CatDQ - Natural Hazard Catastrophe Modeling
All insureds with exposures to catastrophic natural hazards are highly dependent on the results of catastrophe modeling, which underwriters use to define loss expectancies and the resulting premium for catastrophe coverage. This is becoming a key component of every property placement submission and in many cases is a driving factor not only in the pricing, but in market participation and terms and conditions. Many insureds also use modeling results to determine the limits that they choose to purchase and/or how to structure their risk transfer or retention program.
Who It's For
- Has a property risk profile driven by catastrophe exposure
- Has a significant loss history (catastrophe or non-catastrophe) along with a significant catastrophe exposure to their portfolio
- Has unknown, incomplete, or non-validated catastrophe modeling data
What You Get
- Professionally validated modeling information to increase modeling accuracy and reduce modeling uncertainty
- A proven methodology for providing underwriters with specific documentation validating primary characteristics and secondary modifiers as well as special conditions for the sites identified as drivers of the portfolio AAL
- A proven methodology that has helped reduce premiums through the use of multi-source engineering data, validated structural detail, and location-specific information
- The expertise of a select subset of MRC’s certified natural hazard and analytics consultants with specific training in the CatDQ process
However, catastrophe models are highly sensitive to uncertainty driven by poor or missing data. When the quality of the data is addressed, there is a better quantification and qualification of the risk being considered. The underwriting process is closely associated with the CAT model outputs. If an organization is able to manage better the uncertainty in its CAT modeling, it can significantly increase the probability of a successful outcome of the underwriting process in relation to market conditions.
Recognizing the need for an innovative solution to the data quality issue, Marsh Risk Consulting (MRC) has taken its expertise in natural hazard risk assessment and developed CatDQ, a process focused on reducing the uncertainty in CAT modeling by improving the data inputs and outputs. By providing high quality modeling data, MRC is able to provide more accurate modeling results. When shared with the underwriting community, this more accurate information typically results in offers of preferred pricing and terms.
CatDQ provides underwriters with specific documentation validating the primary characteristics and secondary modifiers as well as special conditions for the sites identified as drivers of the portfolio average annual loss (AAL). The enhanced data permits underwriters’ teams to fully use all appropriate modifiers to reduce the uncertainty in the modeling process and utilize the proper vulnerabilities for an organization’s locations, which in many cases will result in lower loss expectancies for our clients.

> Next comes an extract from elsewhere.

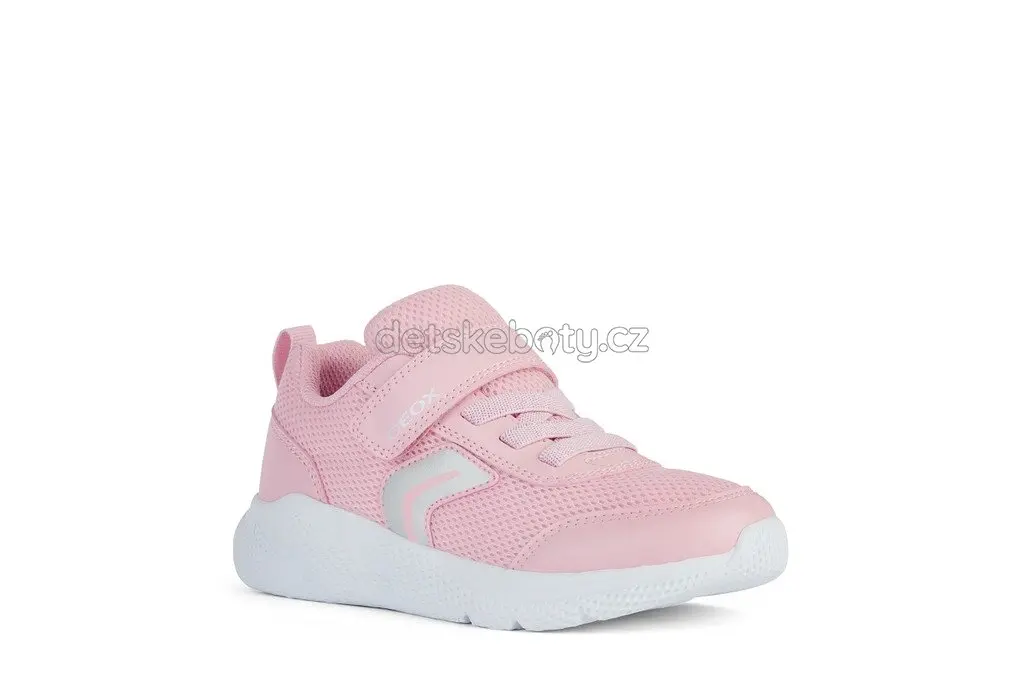 Dětské celoroční boty Geox J36FWB 01454 C7781 Velikost: 36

In addition to supporting the underwriting process, CatDQ provides organizations with more accurate data upon which to base more informed decision making around risk priorities, risk management needs, and risk transfer allocations.
MRC’s natural hazards and analytics experts have developed an additional level of assessment in response to the recent focus by property underwriters on data quality. In today’s environment, it is imperative that organizations provide complete, accurate, and validated data in order to differentiate themselves to the underwriting community.

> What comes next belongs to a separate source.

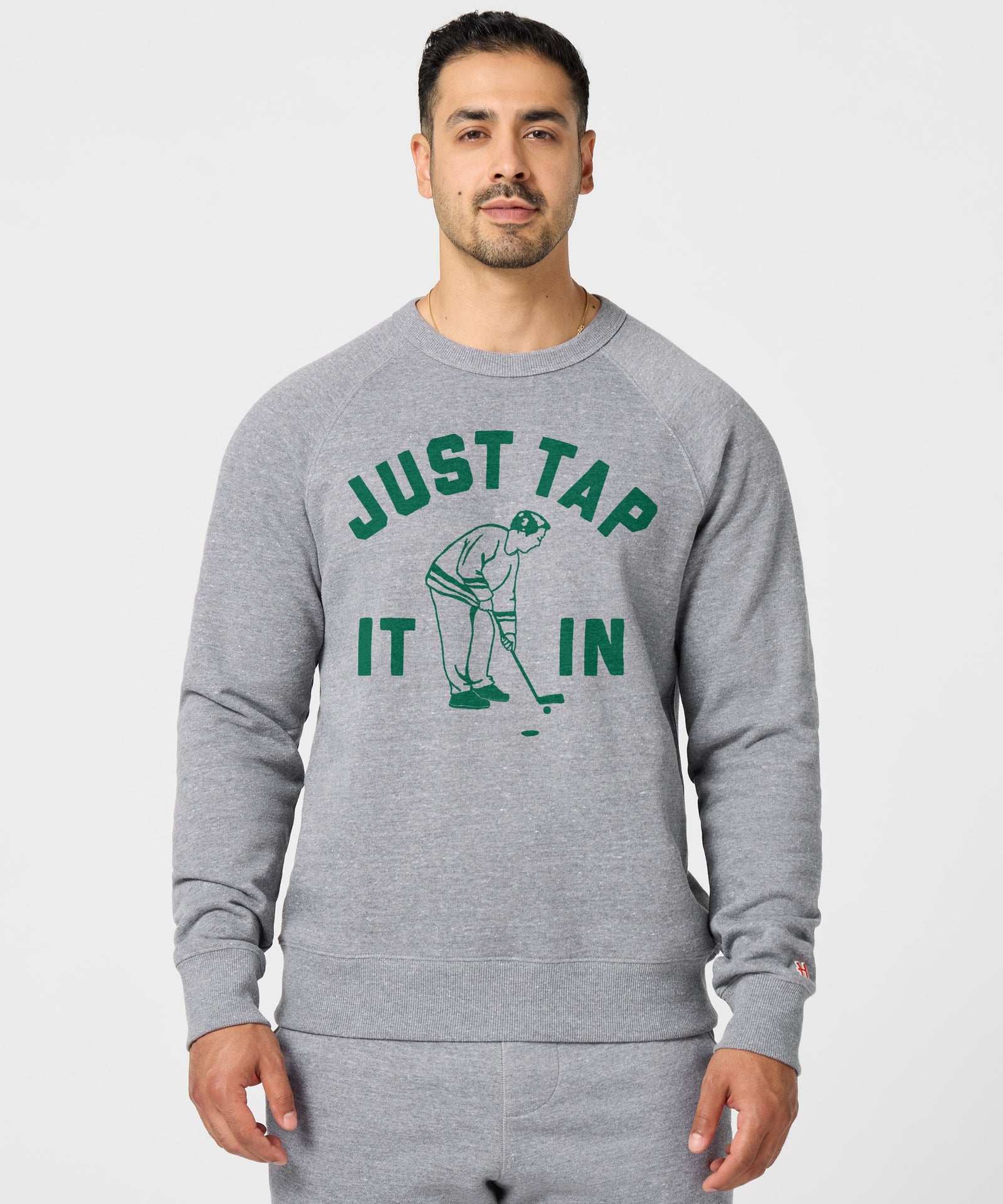 Just Tap It In Crewneck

Catastrophe models are very sophisticated, with many primary and secondary modifiers considered in analyzing potential loss to physical structures, contents, and resulting business interruption. Supplying incomplete data to underwriters introduces uncertainty to modeling results. This uncertainty will increase the modeled loss estimates, which can result in increased premiums. It also negatively affects underwriting decisions by creating “uncertainty loading”, where an underwriter increases pricing to account for the level of unknowns in underwriting decisions. This ultimately increases premiums even further than the loss estimates taken alone would warrant. The property insurance markets have shown that they are very receptive to input data that can be verified.
Insureds should also conduct a technical analysis of their operational risk exposures in order to properly align and optimize the terms, conditions, limits, and sub-limits of their property insurance programs. Underwriters are placing greater emphasis on supply chain and business continuity planning, so the more detailed information an organization has the better. This type of information can also be utilized to further refine the modeled loss estimates as well as for cost-benefit risk management and risk transfer decision making.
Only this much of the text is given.